Sobre la historia mínima, la realización parece estar llena de decisiones tomadas a mitad de camino, algunas justificadas y otras porque sí. Matto fuma un porro por primera vez en la vida y sale a explorar el lugar, y lo seguimos dos minutos y medio mirando y escuchando la selva, una gruta, las gotas que caen por una roca, probando una liana a ver si arriesga a hacerse el Tarzán. Las imágenes documentales de animales están recuadradas y texturadas como si fueran películas en Súper 8. Pero de pronto, algunas de las imágenes de la acción principal aparecen con esa misma textura (en uno de los casos, porque Matto hace de cuenta que filma a Martina, y el dispositivo narrativo juega a que la está filmando en serio, pero la alterna con la imagen documental de un avestruz, y Martina empieza a jugar con poses y actitudes de pseudoavestruz -es decir, todo como una extensa asociación de ideas-).

Hay mucho de la modalidad más pava y lúdica de Jean-Luc Godard. Es imposible no pensar en Sin aliento (1960) ya en las primeras imágenes: los jump cuts de la carretera tomada desde el asiento al lado del conductor del auto. Habrá jump cuts en varias otras secuencias, dando agilidad y haciendo bailar el ritmo de algunas tomas, y entablando comparaciones instantáneas entre posiciones de los personajes en el encuadre: mientras aguardan hacen yoga o dialogan. Matto empieza a contarle un cuento a Martina para que se duerma y ella cierra los ojos. En ese lapso, en el que va perdiendo la conciencia y zambulléndose en el sueño, la imagen se oscurece lentamente en fade out (esto suena elemental, pero la verdad es que sólo recuerdo haber visto fade-outs vinculados al momento de dormir en tomas subjetivas de personajes que se desmayan, nunca, como acá, acompañándolo a dormir, en forma tan expresiva, tan acogedora, tan tierna).

La voz en over no siempre habla de los bichos: a veces se dedica a otras cosas, nos cuenta sobre el pasado de los personajes o lo que están sintiendo, como en la escena hilarante del sonambulismo de Martina. La música incidental tiene algunos toques hindúes, y además hay un par de canciones del gran Ernesto Díaz grabadas especialmente y que contribuyen al clima especial de un par de secuencias.

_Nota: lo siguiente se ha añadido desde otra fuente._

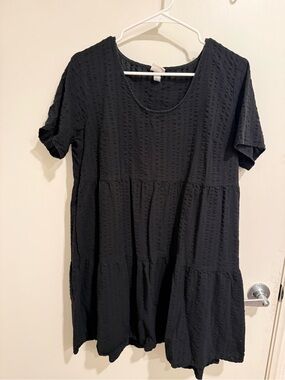 a new day Black Textured Tiered Mini Dress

No creo que esta película resista una mirada sesuda, cuestionadora, que exija coherencia, sustancia, madurez. En cambio, es muy gratificante para una mirada inocente y bien dispuesta, como quien se sienta en una playa de Floripa a hablar de cualquier cosa con los amigos (y esto lo digo por experiencia personal y por haberla visto en una sala llena en el último Festival de Punta del Este, con un público muy variado, que se rio todo el tiempo y aplaudió con ganas al final). Entrando por esa puerta, incluso, este film aparentemente superficial, ligero, descargado de responsabilidades, curiosamente puede llegar a darse vuelta para tomar una forma de profundidad conmovedora, sobre todo en el final, que combina melancolía, fascinación e ilusión. Quizá porque es muy difícil hablar de las emociones involucradas en un verano playero condimentado con un lindo encuentro de “amigovios” fugaz, algo que es tan trascendental cuando se vive y más aun cuando se recuerda, y tan fútil cuando se intenta comunicar qué tan trascendente es. Esta película dio en el clavo para emular esa sensación y evocar el sabor de esa trascendencia con el lenguaje justo de la intrascendencia.